Blog | Kaniela Anakalea-Buckley: Worth All the Blood, Sweat, and Tears
- Posted on 22 Aug 2014
- In Crew Blogs, Voyaging
It’s a lot of work to earn the invitation onto the canoe, but it’s not impossible. For me it has been worth all the blood, sweat, and tears.
I feel that the canoes are still growing into the modern day and age and that sailing double-hulled canoes from place to place can be a great means of traveling and visiting different islands around Hawaii. The only thing is that we need people to look at the canoe in that way. Canoes are a usable way of transportation, not only a traditional way of preserving voyaging culture. One of the greatest things that I have gotten out of sailing on this leg is having the opportunity to sail and hear the stories from the legends of voyaging, like John Kruse and Billy Richards. I got to hear so many stories and lessons from them it seemed too good to be true. When I was growing up and training on Makali‘i, our voyaging canoe located in Kawaihae on Hawai‘i Island, those names were some of the big names that inspired young crew members like me. Now I get to sail to Samoa with them; it’s a dream come true.

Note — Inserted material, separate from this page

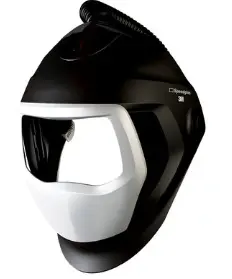700J0700156.PNG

So for me, I would like to inspire others the way those legends inspired me to become the best crew member that I can be. Even those who are interested back at home to join the voyage, I hope are inspired to make the move to their nearest wa’a. We need more young crew members to step up and take the helm from those who have held up the traditions of the canoe. That is what keeps the traditions alive–not just knowing of their existence, but in the doing and perpetuating them. In conclusion I am honored to get this opportunity to sail my first voyage with some of my voyaging heroes, but I do strongly hope that more of us youth will jump on and share the amazing adventures and stories that are to be made at sea.